Poranek, czy też wieczorek budzi nas kakofonią wrzasków, trąbień, ryku starych diesli. Widok z okna na dworzec.
Wychodzimy wczesnym popołudniem. Spacer po targowisku i szybka przekąska w lokalnej knajpie.
Kebab (a jakże), z kukurydzą, oliwkami, mięsem z nie wiem czego. Zapraszają nas na górę, do „Jadalni” ewidentnie stworzonej na innych gabarytowo ludzi niż my.
Wsuwamy nasze kebabcze jednocześnie obserwujac wspaniałość okolicy. Głowna droga, kolumna aut, smród spalin. Wózek, na nim zarżniete kozy i owce. Z wózka kapie krew, krew chłepce pies. Obok siedzi dziad proszący o kasę. Śmieci góry. Wracamy do hotelu po rzeczy. Koło hotelu – hałda gruzu, śmieci, po jej środku – zajezdnia lokalnej komunikacji krótkodystansowej. Ściśnięci ludzie w autobusikach, dziesiątki ludzi sortujące gruz i śmieci, dosłownie 5 minut mojego kuśtykania od głównej drogi miasta.
Słońce zachodzi, przedziwny zachód słońca skąpany w smogu autobusów z dworca.
W pierwszych ciemnościach wracamy na dworzec. Bilety – są. 3 ostatnie bilety do Dakhli! Pan w brązowym fartuchu sprzedaje je, waży nasze bagaże, kupujemy osobne bilety na bagaż, bagaże ladują na wózku, autobus będzie za około godzinę.

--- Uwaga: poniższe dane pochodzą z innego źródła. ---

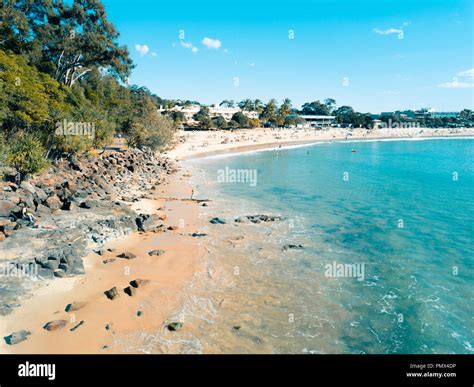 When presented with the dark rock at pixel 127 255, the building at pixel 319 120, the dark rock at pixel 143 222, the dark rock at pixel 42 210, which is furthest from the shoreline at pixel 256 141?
the dark rock at pixel 127 255

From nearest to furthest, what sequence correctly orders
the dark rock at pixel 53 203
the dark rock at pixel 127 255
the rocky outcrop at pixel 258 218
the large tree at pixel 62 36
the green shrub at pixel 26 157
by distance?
1. the dark rock at pixel 127 255
2. the dark rock at pixel 53 203
3. the rocky outcrop at pixel 258 218
4. the green shrub at pixel 26 157
5. the large tree at pixel 62 36

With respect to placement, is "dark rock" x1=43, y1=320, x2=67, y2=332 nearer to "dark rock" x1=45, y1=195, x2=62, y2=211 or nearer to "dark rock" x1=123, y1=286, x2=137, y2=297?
"dark rock" x1=123, y1=286, x2=137, y2=297

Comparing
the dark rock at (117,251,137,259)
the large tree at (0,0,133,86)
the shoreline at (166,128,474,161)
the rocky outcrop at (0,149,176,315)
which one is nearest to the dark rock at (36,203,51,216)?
the rocky outcrop at (0,149,176,315)

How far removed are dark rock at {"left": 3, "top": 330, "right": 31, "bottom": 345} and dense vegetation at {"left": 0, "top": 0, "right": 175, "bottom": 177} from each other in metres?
13.9

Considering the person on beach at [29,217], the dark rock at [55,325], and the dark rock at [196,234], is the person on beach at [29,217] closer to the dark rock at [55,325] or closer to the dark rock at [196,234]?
the dark rock at [196,234]

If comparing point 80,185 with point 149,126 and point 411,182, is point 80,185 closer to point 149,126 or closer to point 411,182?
point 149,126

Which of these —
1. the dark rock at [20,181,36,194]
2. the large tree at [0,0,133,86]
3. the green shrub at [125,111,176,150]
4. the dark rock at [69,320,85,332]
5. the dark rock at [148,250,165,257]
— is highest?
the large tree at [0,0,133,86]

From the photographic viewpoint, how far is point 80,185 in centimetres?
2573

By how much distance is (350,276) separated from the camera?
1580cm

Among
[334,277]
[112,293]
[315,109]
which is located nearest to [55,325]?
[112,293]

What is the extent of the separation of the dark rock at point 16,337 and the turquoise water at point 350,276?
549 centimetres

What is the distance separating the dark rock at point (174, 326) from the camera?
434 inches

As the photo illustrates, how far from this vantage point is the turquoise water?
11438mm

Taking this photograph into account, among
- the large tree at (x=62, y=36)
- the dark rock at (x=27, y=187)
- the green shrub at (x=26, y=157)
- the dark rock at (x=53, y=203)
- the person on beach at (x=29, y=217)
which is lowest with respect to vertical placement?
the person on beach at (x=29, y=217) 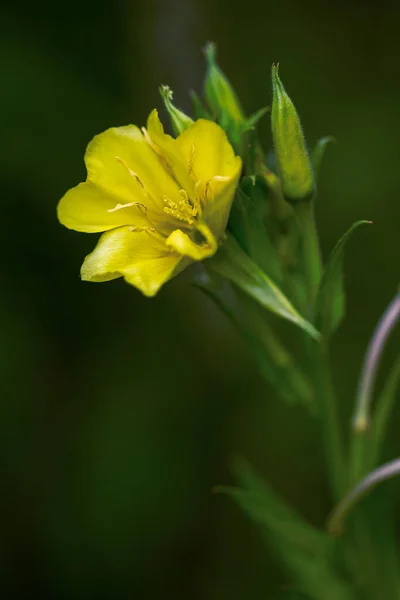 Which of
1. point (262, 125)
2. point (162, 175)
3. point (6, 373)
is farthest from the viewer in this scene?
point (262, 125)

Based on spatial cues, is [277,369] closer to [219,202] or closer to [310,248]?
[310,248]

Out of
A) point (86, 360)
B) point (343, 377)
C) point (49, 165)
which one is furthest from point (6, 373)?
point (343, 377)

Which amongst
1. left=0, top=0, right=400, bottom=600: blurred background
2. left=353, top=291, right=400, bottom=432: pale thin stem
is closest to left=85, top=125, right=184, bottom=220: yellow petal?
left=353, top=291, right=400, bottom=432: pale thin stem

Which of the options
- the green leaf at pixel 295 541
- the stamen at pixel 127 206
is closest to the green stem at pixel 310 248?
the stamen at pixel 127 206

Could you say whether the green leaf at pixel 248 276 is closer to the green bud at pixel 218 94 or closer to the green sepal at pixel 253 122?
the green sepal at pixel 253 122

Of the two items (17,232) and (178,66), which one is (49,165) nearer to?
(17,232)

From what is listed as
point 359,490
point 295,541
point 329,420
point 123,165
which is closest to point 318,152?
point 123,165

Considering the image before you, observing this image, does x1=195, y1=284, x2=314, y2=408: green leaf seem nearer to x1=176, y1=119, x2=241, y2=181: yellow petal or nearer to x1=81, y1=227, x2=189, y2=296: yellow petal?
x1=81, y1=227, x2=189, y2=296: yellow petal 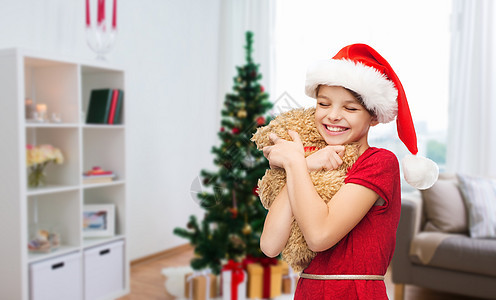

Przyczepia się do nas jakiś lokalny żul, nie wiem co mu się stało, nigdy czegoś takiego nie widziałem. Z całej twarzy, oczu, nosa, ust, cieknie mu przeźroczyste coś. Sztacha się czymś z worka, klej czy rozpuszczalnik jakiś, ale ewidentnie organizm źle to znosi. Jeffe w fartuchu nadciąga z odsieczą, odgania żula miotłą na długim trzonku i na wszelki wypadek zostaje z nami gdyby żuł miał wrócić. Autobus nadciąga, wtacza się na stop, otwiera czeluście bagażnika gdzie Jeffe de Fartuch energicznie upycha nasze bagaże, ja na wszelki wypadek czekam by upewnić się, że nic nie zostało. Jeffe zajęty, ja odwrócony tyłem. Szturchanie w plecy. Odwracam się a tam... A jakże, żul kleisty... Daj kasę, uniwersalne zawołanie. Facet z prawdziwym agresorem napędzonym wcześniej miotłą, robi się słabo wesoło, tym bardziej że jestem sam, a w zasiegu wzroku miotły nie mam. Taki „The last of us” butapren edition, na moje OI!!! odwraca się Jeffe i bierze gniew żula na siebie i swą miotłę, ja czmycham do autobusu. Okazuje się, że sytuację pilnie obserwował Slider, mój Hodor nie pozwolił odjechać autobusowi beze mnie na pokładzie. Drzwi zamkniete, sprawdzenie papierów – kierowca sprawdza nasze paszporty, liczy kopie ksero paszportu na każdy check point. Pozwala w końcu usiąść na samym tyle, tam gdzie zawsze siadały te popularne dzieci w klasie 😊 W ciemym autobusie zajmujemy miejsca i ruszamy na pustynię!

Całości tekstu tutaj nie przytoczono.